Chinese stock markets slumped by 6.4% on Tuesday (Jan. 26), dragging down other Asian share indexes. The impact is likely to be felt on European and North American bourses later in the day, as pre-market indicators trend lower.

Even after rallies on Friday and Monday, Chinese shares are down some 18% so far this year.

Causing the weakness for prices were global issues, notably the weakness in the oil price, rather than specifically Chinese problems. But worries that the global economy is weakening can only be bad news for China, as the world’s second largest economy.

The weakening of the Chinese currency, repeated stock turmoil, and fumbled government responses has led to over $1 trillion of capital to leave China in the last year, according to latest reports.

The depreciating currency makes overseas acquisitions attractive to Chinese firms – such as Wanda’s $3.5 billion purchase of Legendary Entertainment, and Perfect World Pictures’ expected slate financing deal with Universal Pictures – but it also makes such deals harder to close.

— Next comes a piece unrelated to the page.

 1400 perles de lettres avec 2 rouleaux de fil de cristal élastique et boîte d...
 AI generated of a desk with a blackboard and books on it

The Shanghai Composite Index was down 6.43% at 2749.79 on Tuesday. Hong Kong’s Hang Seng Index was dragged down 2.3% as well at 18860.80. In terms of price to earnings ratios, Hong Kong stocks are approaching their historical lows.

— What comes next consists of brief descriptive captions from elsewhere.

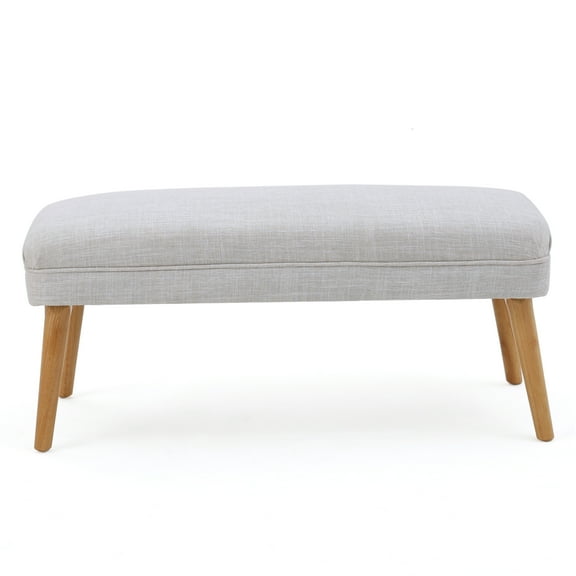 Dumont Mid Century Modern Fabric Ottoman, Beige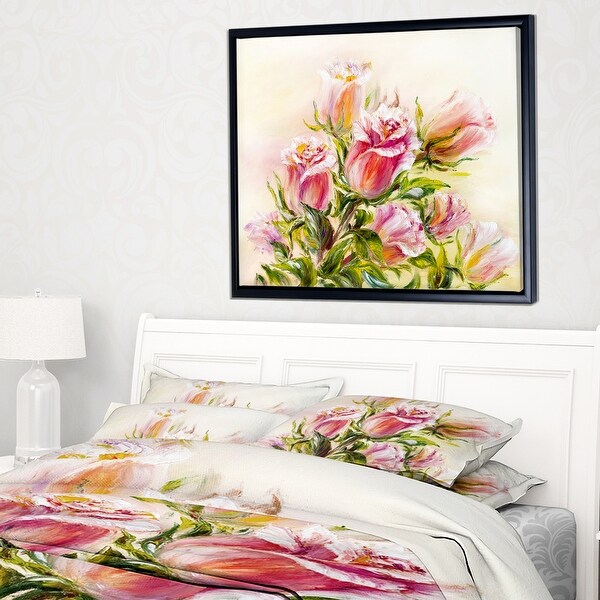 Designart 'Rose ' Floral Art Framed Canvas Print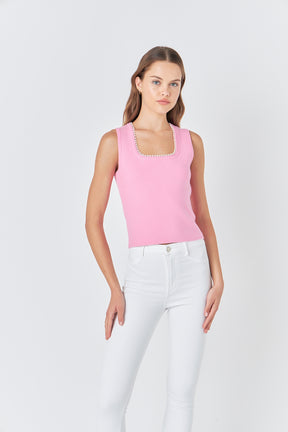 ENDLESS ROSE - Endless Rose - Pearl Trim Knit Tank Top - TOPS available at Objectrare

Media shares on mainland Chinese markets were battered. Huayi Brothers was down 9.98% at RMB26.61. Wanda Cinema Line was down 10% at RMB78.05. DMG Yinli was down 10% at RMB27.45. One notable exception was Perfect World Pictures, which was up by 10% for the third day in a row, finishing Tuesday at RMB33.86.

Hong Kong-traded stocks were somewhat calmer. Fosun International was down 3.05% at HK$9.87. Alibaba Pictures Group was down 1.81% at HK$1.63. IMAX China was down 1.79% at HK$49.45.